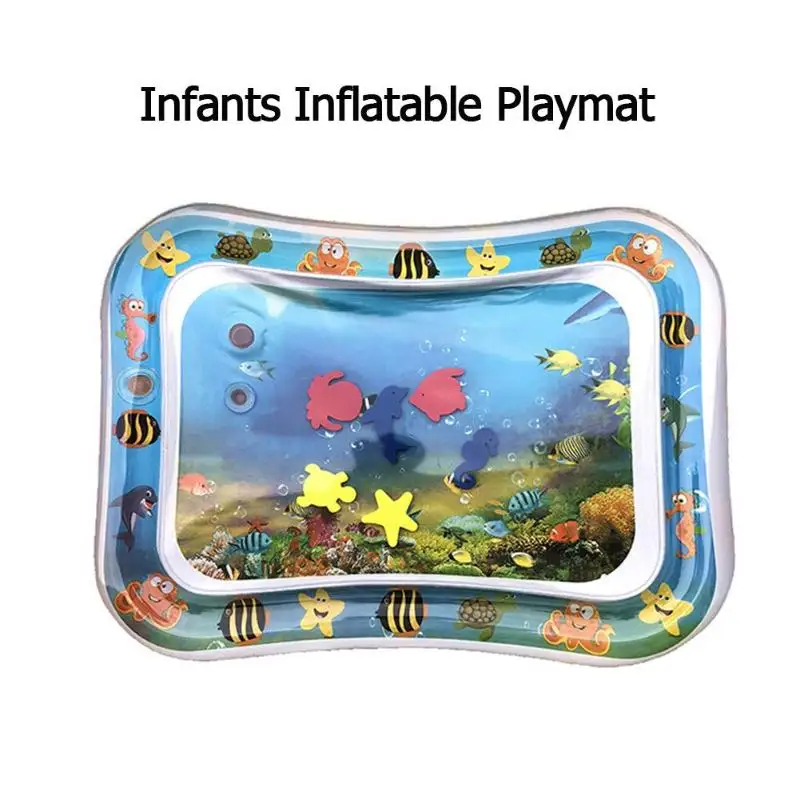 Murah Bayi Anak anak Bermain Air Mat Inflatable Menebal PVC Bayi Perut Waktu Playmat Balita Kegiatan Yang Menyenangkan Bermain Pusat Air Tikar untuk bayi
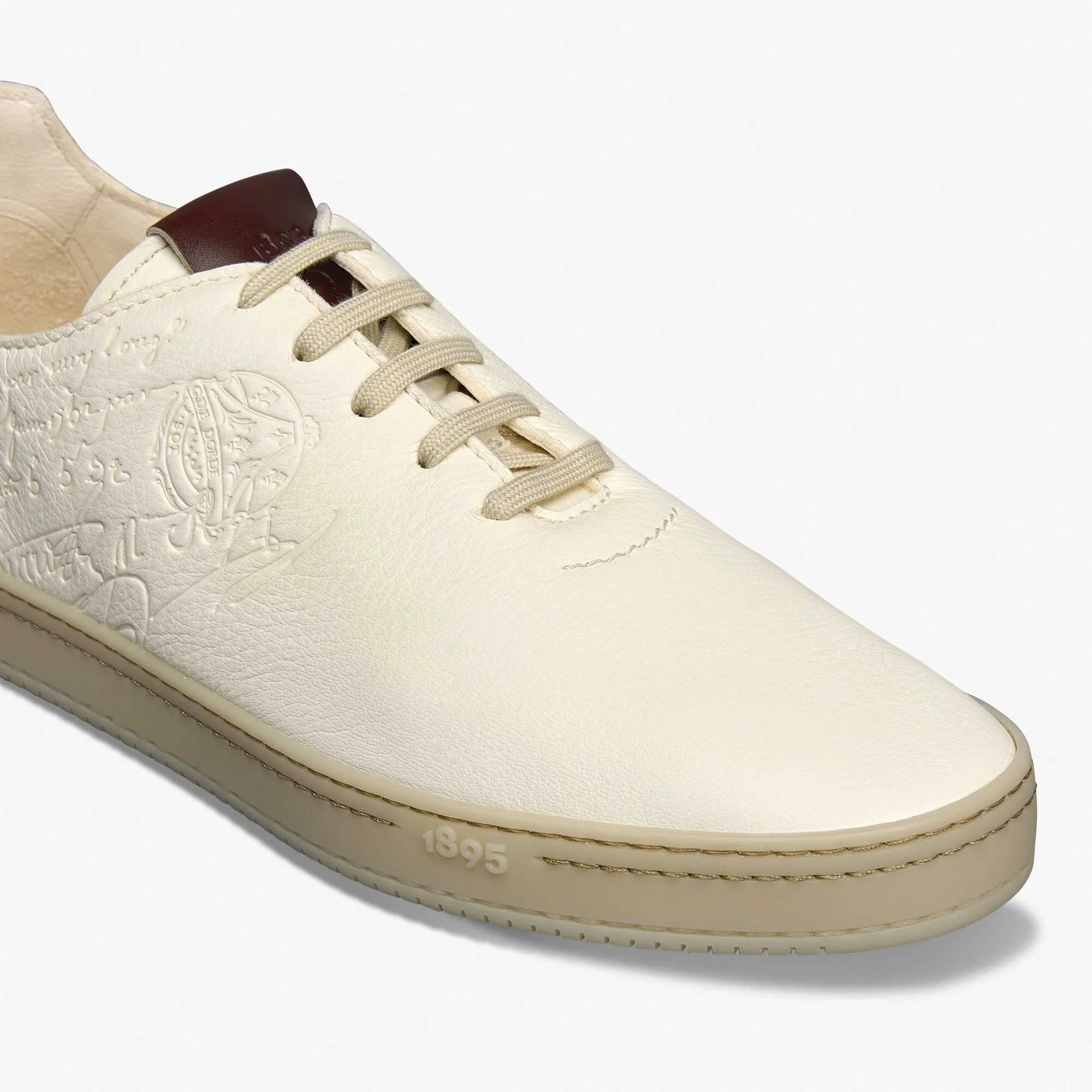 Leather Sneaker Eden Scritto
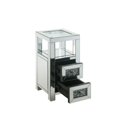thumbnail image 2 of Acme Furniture 97956 Accent Table, Clear Glass, Mirrored & Faux Diamonds, 2 of 5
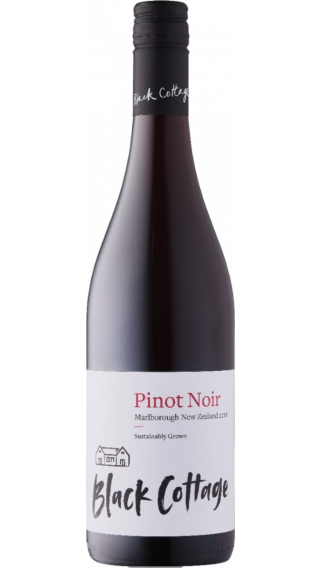 Bottle of Black Cottage Pinot Noir 2018 wine 750 ml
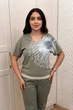 Футболка INEDIT 50032 Olive M - изображение 1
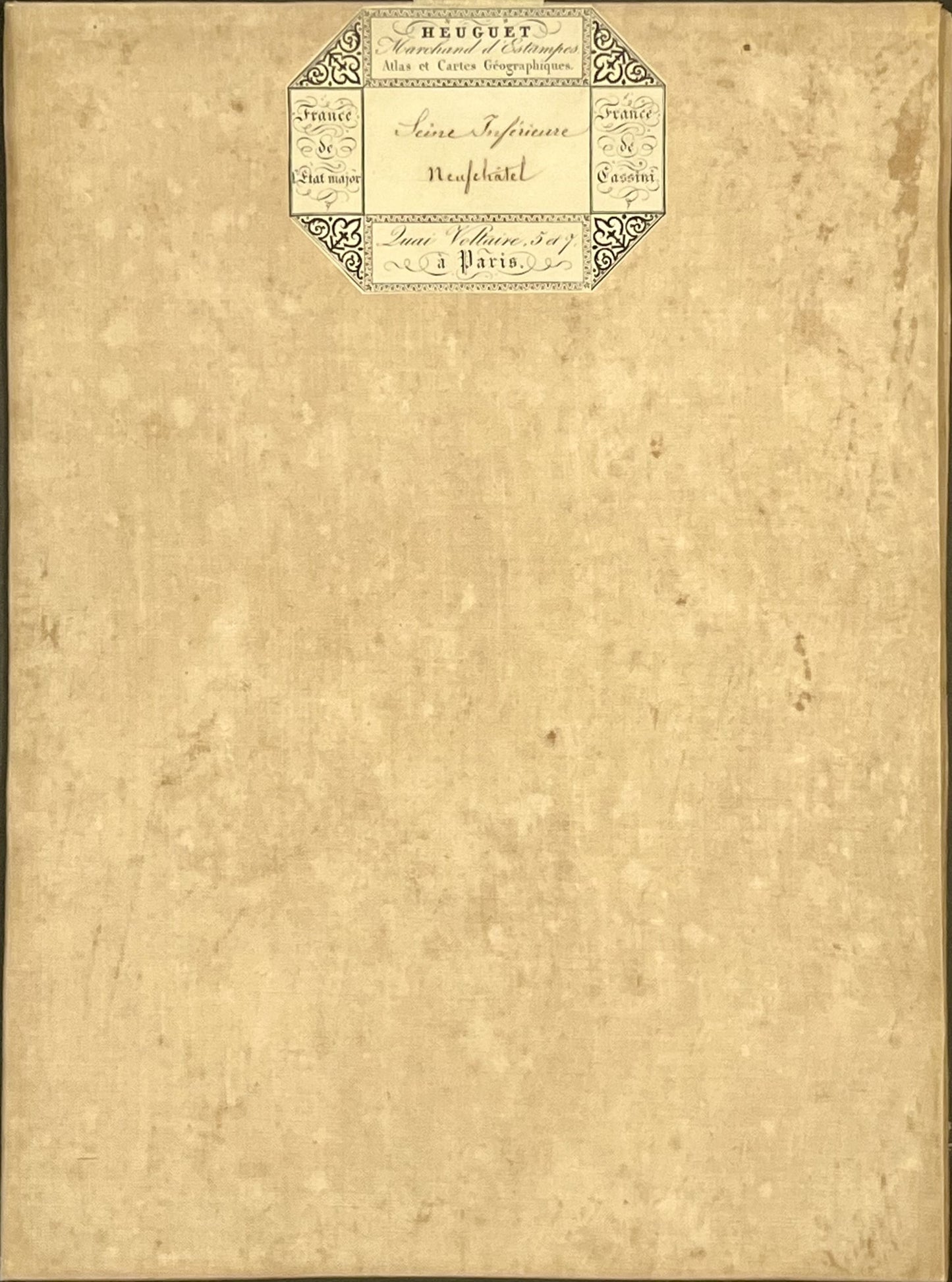 Carte geographique entoilee Neufchatel
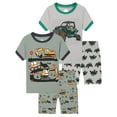 thumbnail image 1 of WIBACKER Toddler Boys Pajamas Short Sets Excavator Cotton 4 Piece Vehicle Pjs Sleepwear Summer Clothes Kids Jammies 2-9Y, 1 of 12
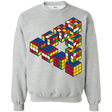 Sweatshirts Sport Grey / S Rubiks Cube Penrose Triangle Crewneck Sweatshirt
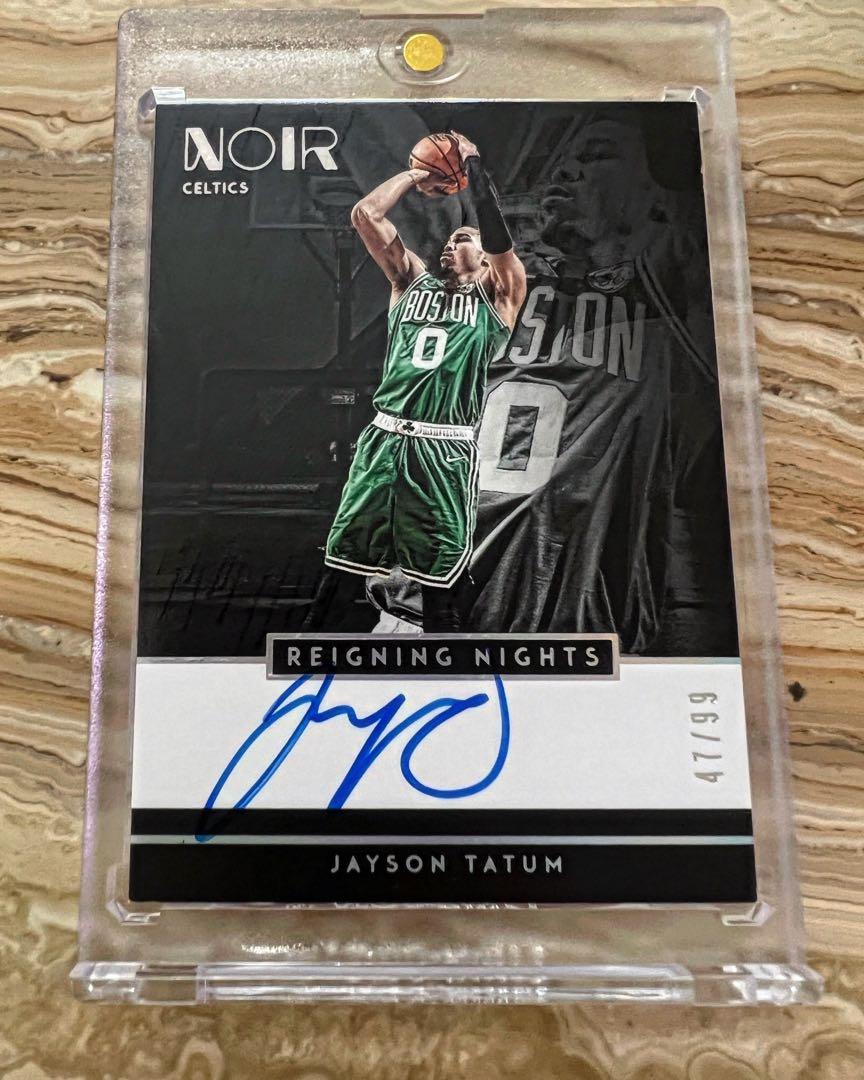 Noir Reigning Nights Jayson Tatum On Card Auto/99 (Include One 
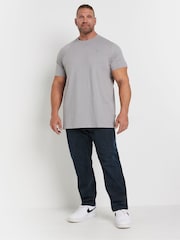 BadRhino Big & Tall Blue Straight Leg Denim Jeans - Image 2 of 4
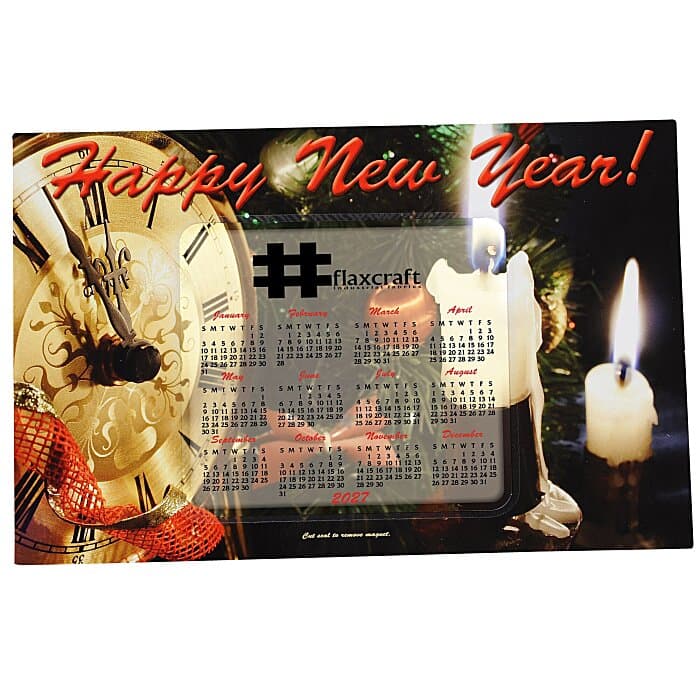 Greeting Card with Magnetic Calendar - Midnight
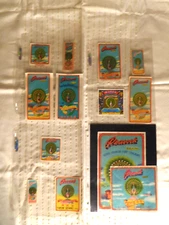 17  Rare Vintage Peacock Super-Charged Po-Sing Firecracker Firework Label Lot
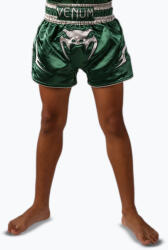 Venum Детски шорти за тренировка Venum Inferno Muay Thai forest green/off white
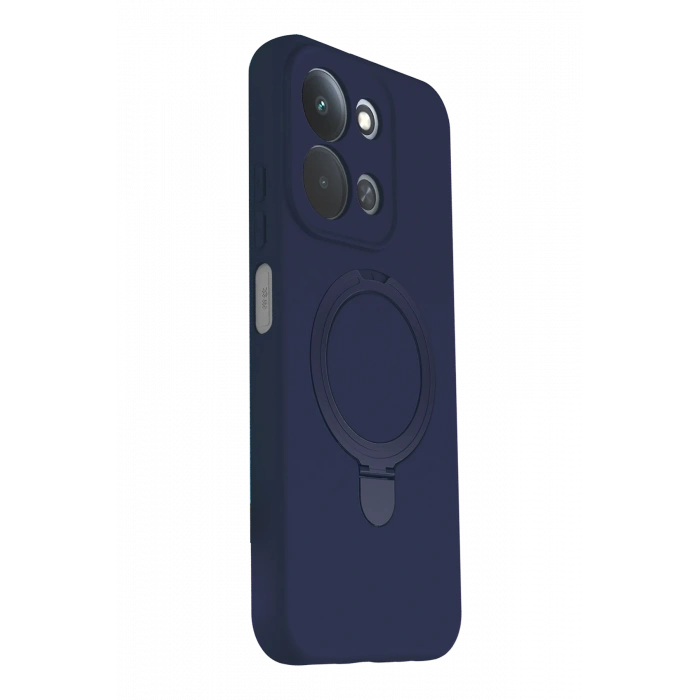 Newface Xiaomi Redmi 15C 4G Regal Magsafe Standlı Kapak - Lacivert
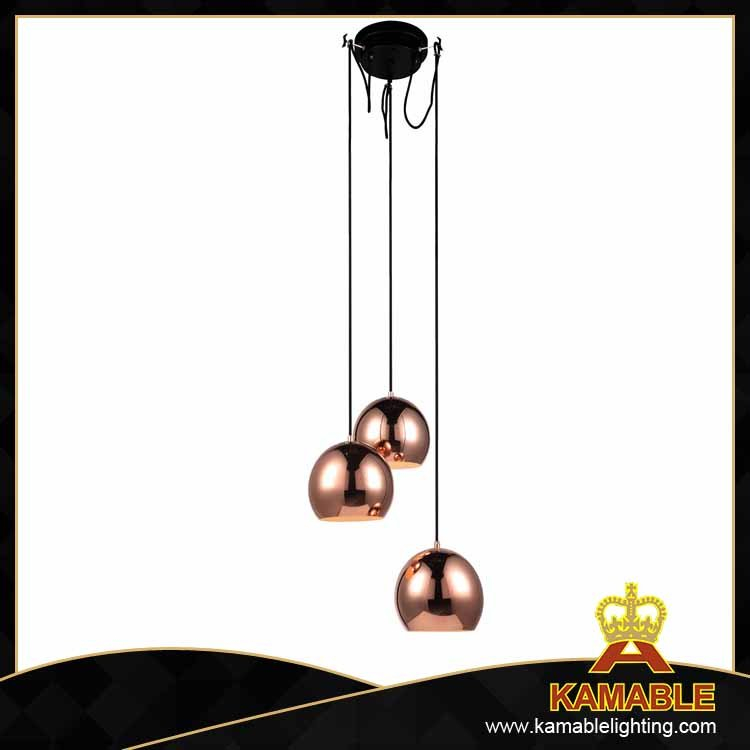 Copper aluminium decorative hotel pendant lamps (MD6144-3CP )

□ □ □ □ □ □ □

Although the records include pictures, output only their text, exactly and completely.

 Murah Bayi Anak anak Bermain Air Mat Inflatable Menebal PVC Bayi Perut Waktu Playmat Balita Kegiatan Yang Menyenangkan Bermain Pusat Air Tikar untuk bayi
 Leather Sneaker Eden Scritto
thumbnail image 2 of Acme Furniture 97956 Accent Table, Clear Glass, Mirrored & Faux Diamonds, 2 of 5
 Bottle of Black Cottage Pinot Noir 2018 wine 750 ml
 Футболка INEDIT 50032 Olive M - изображение 1
 Carte geographique entoilee Neufchatel
 thumbnail image 1 of WIBACKER Toddler Boys Pajamas Short Sets Excavator Cotton 4 Piece Vehicle Pjs Sleepwear Summer Clothes Kids Jammies 2-9Y, 1 of 12
 Sweatshirts Sport Grey / S Rubiks Cube Penrose Triangle Crewneck Sweatshirt
 Noir Reigning Nights Jayson Tatum On Card Auto/99 (Include One 
 BadRhino Big & Tall Blue Straight Leg Denim Jeans - Image 2 of 4
 Greeting Card with Magnetic Calendar - Midnight
 17  Rare Vintage Peacock Super-Charged Po-Sing Firecracker Firework Label Lot
 Venum Детски шорти за тренировка Venum Inferno Muay Thai forest green/off white
 Newface Xiaomi Redmi 15C 4G Regal Magsafe Standlı Kapak - Lacivert
 Copper aluminium decorative hotel pendant lamps (MD6144-3CP )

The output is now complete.